___ Information shown ___

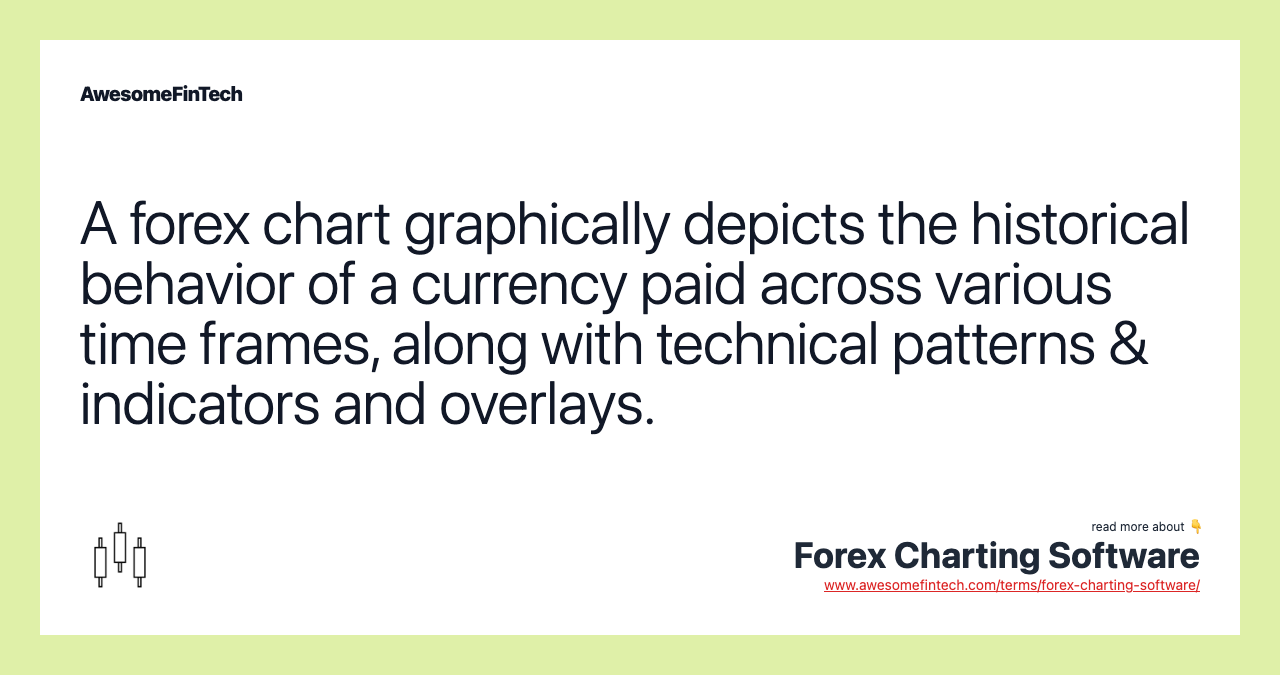 A forex chart graphically depicts the historical behavior of a currency paid across various time frames, along with technical patterns & indicators and overlays.
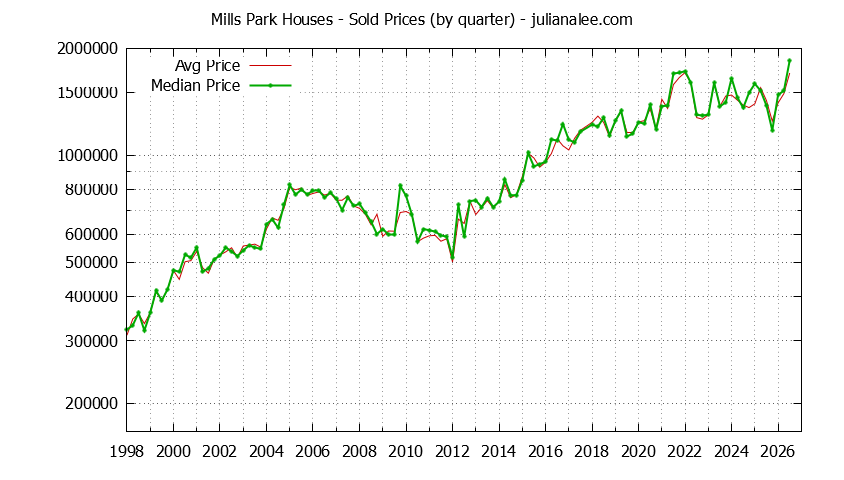 Quarterly Median and Average Price of a Mills Park Home Quarterly Median and Average Price of a Mills Park Home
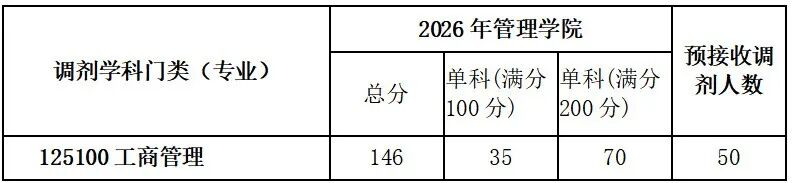 调剂通知 | 欢迎调剂到北京理工大学管理学院EMBA项目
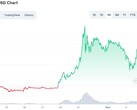 Shiba Inu to USD chart for the last month (Source: CoinMarketCap)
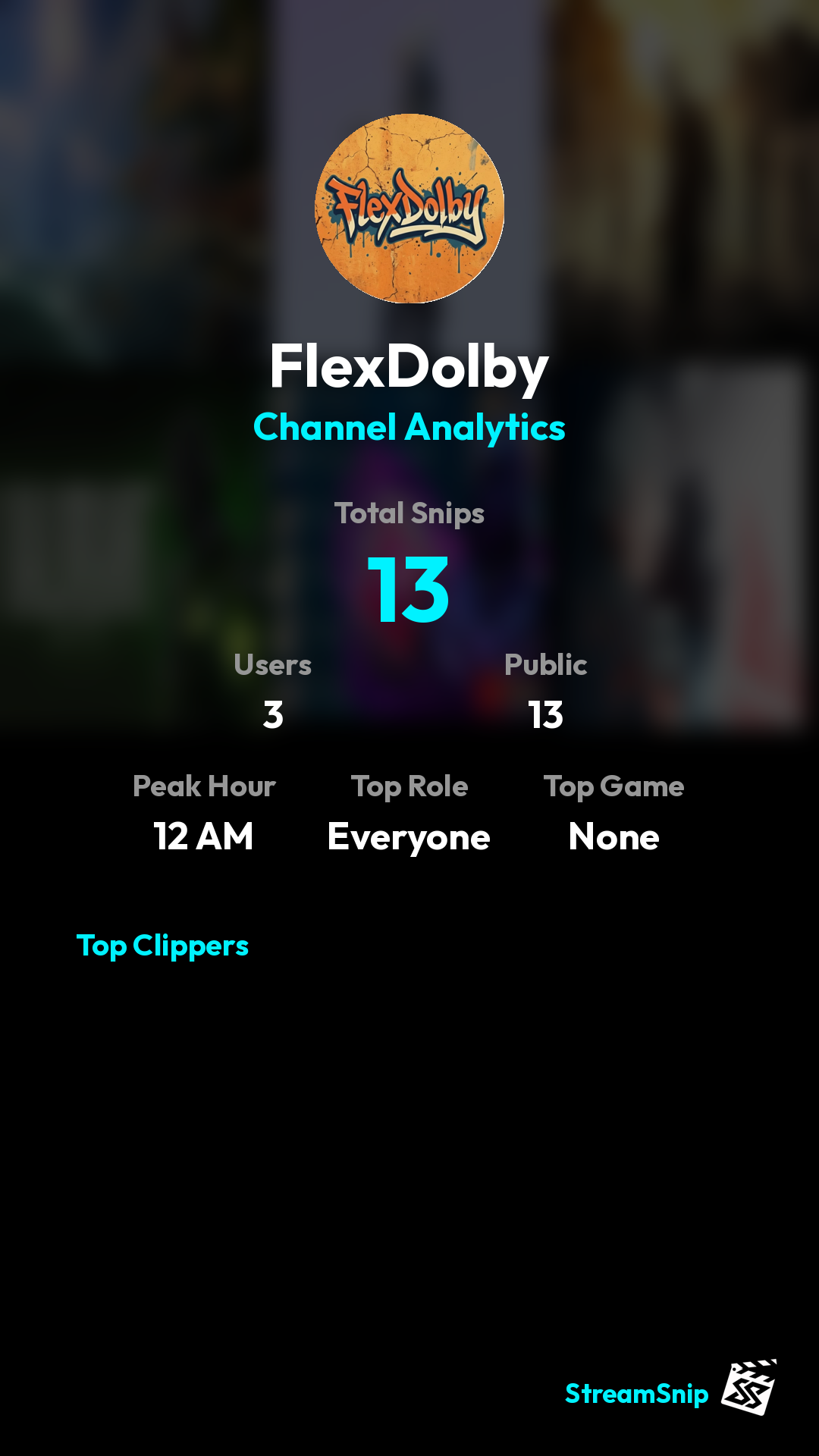 Stats Share Card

___

--- What to work on ---
Apart from the pictures, which are to be omitted, every record must be transcribed exactly.

--- Problem solution ---
 A forex chart graphically depicts the historical behavior of a currency paid across various time frames, along with technical patterns & indicators and overlays.
 Quarterly Median and Average Price of a Mills Park Home Quarterly Median and Average Price of a Mills Park Home
 调剂通知 | 欢迎调剂到北京理工大学管理学院EMBA项目
 Shiba Inu to USD chart for the last month (Source: CoinMarketCap)
 Stats Share Card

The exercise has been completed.